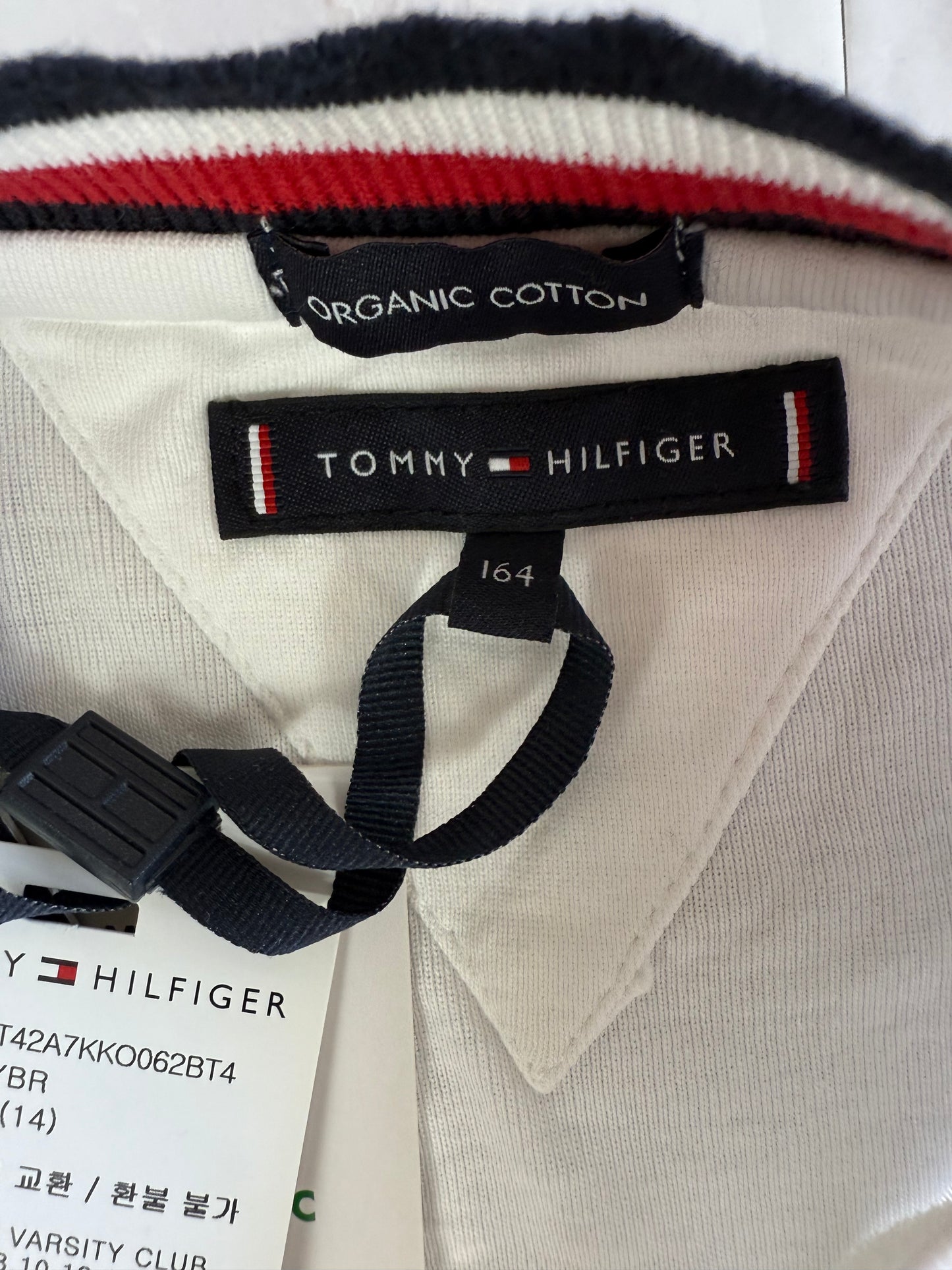 【TOMMY HILFIGER】トミー ヒルフィガー オーガニックコットン 長袖Tシャツ 164（L相当）ホワイト クルーネック 刺繍フラッグロゴ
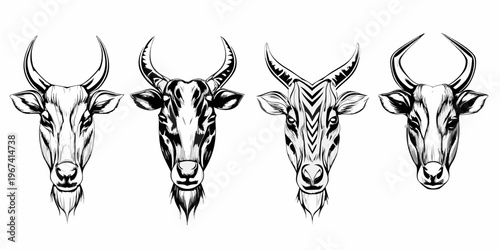 Four stylized antelope heads in a black and white illustrative design
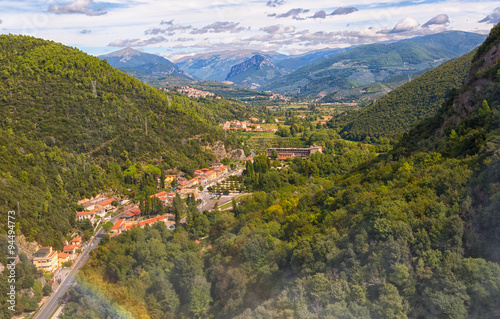 top view on the city of Terni and a rainbow, Umbria, Italy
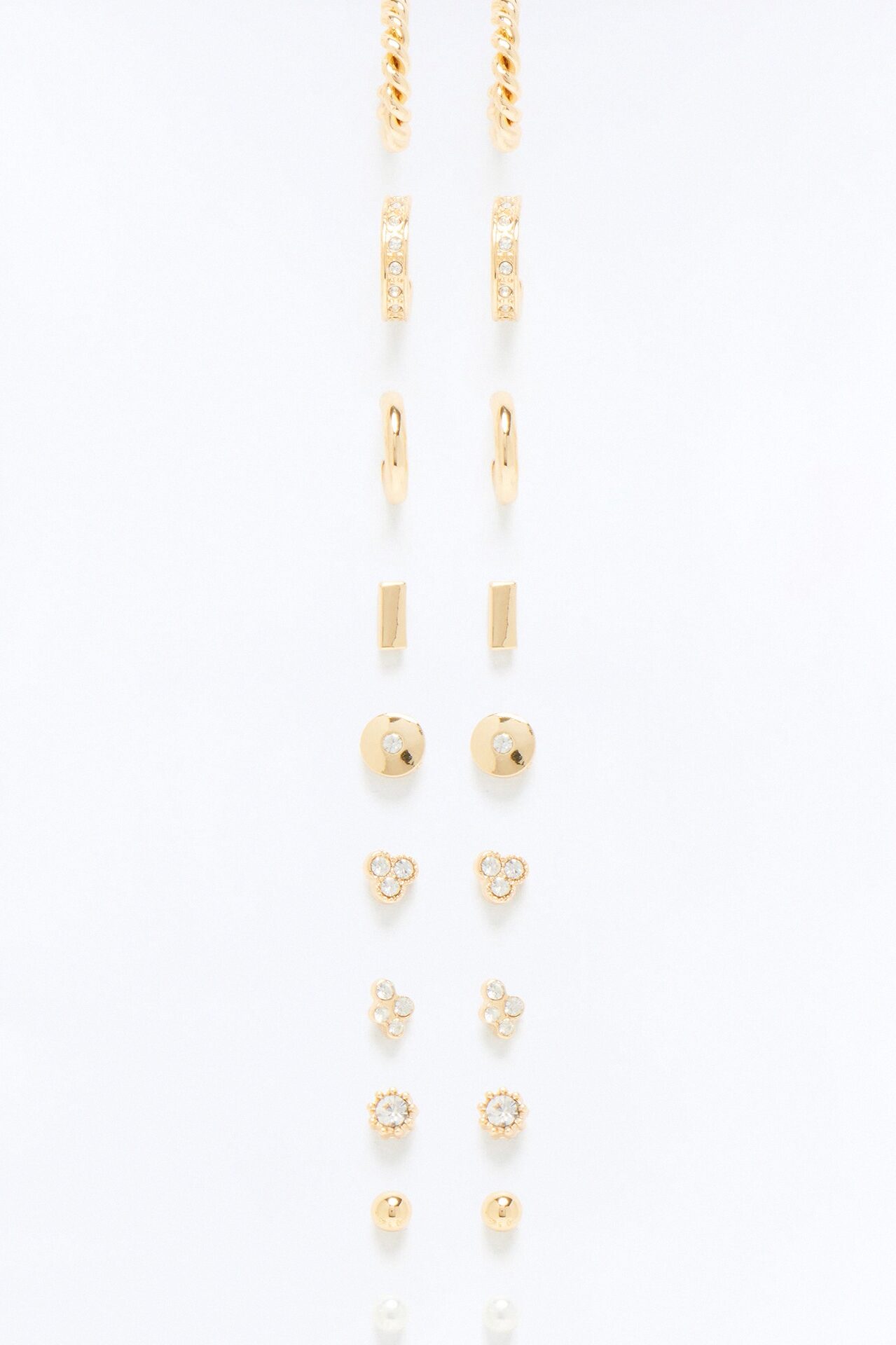 Effortless Rotation 10 Pair Multi Earring Set - Gold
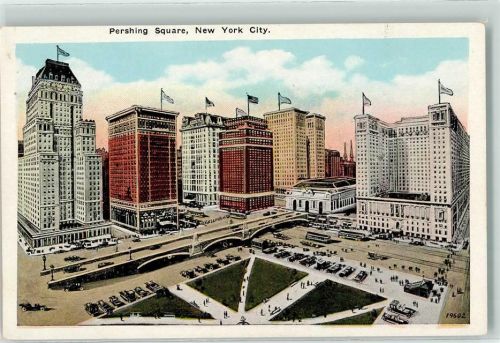 New York City Pershing Square Murray Hill Hotel Belmont Biltmore Commondore Grand Central railway Terminal Fahne Auto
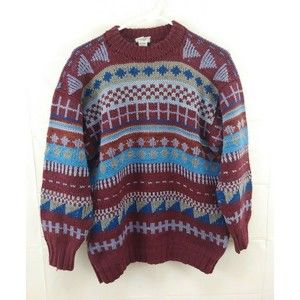 Vtg Andina Mens Sweater Sz Large Handmade Sheep Wool Unique Icelandic Knit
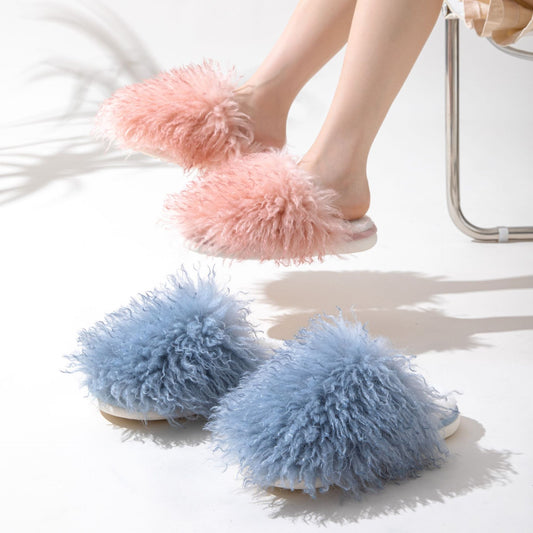 Long Fur Toe Cap Cotton Slippers Home Plush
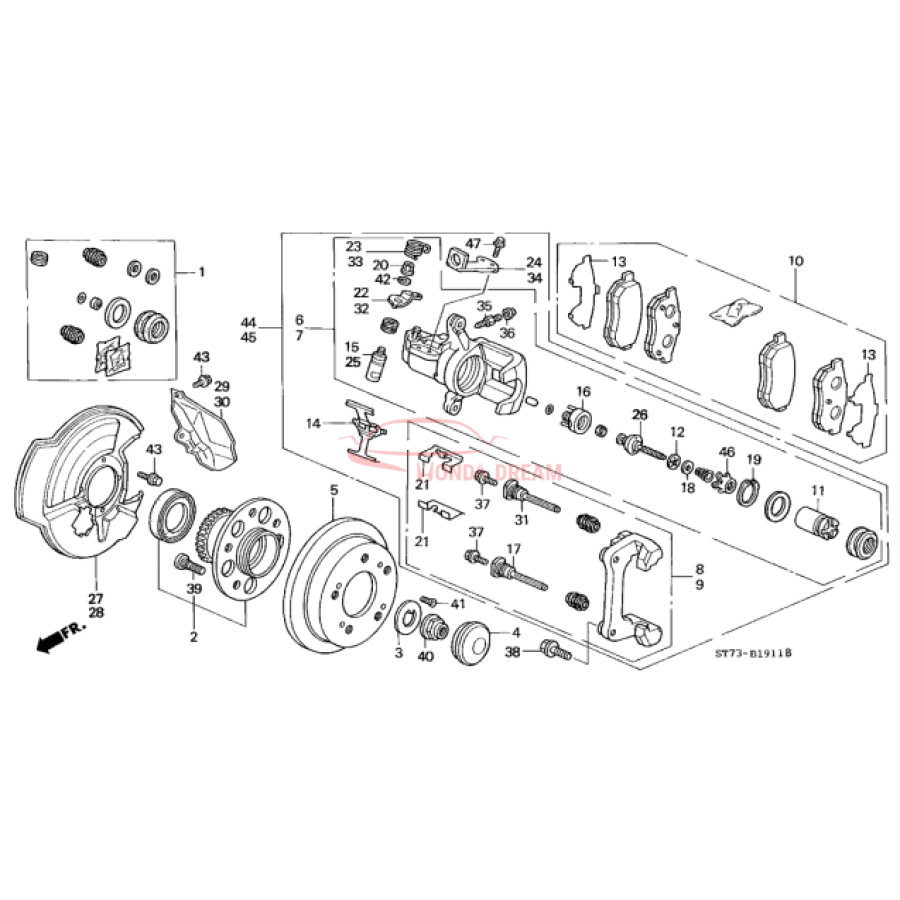 Rear caliper repair kit (01473-SN7-010) - 2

TASK: Each line from the one containing "top view on" through the last line of the entries above is to be extracted exactly. Pictures are not part of the copy.

PROBLEM SOLUTION:
 top view on the city of Terni and a rainbow, Umbria, Italy
 Effortless Rotation 10 Pair Multi Earring Set - Gold
 New York City Pershing Square Murray Hill Hotel Belmont Biltmore Commondore Grand Central railway Terminal Fahne Auto
 Vtg Andina Mens Sweater Sz Large Handmade Sheep Wool Unique Icelandic Knit
 Long Fur Toe Cap Cotton Slippers Home Plush
 Rear caliper repair kit (01473-SN7-010) - 2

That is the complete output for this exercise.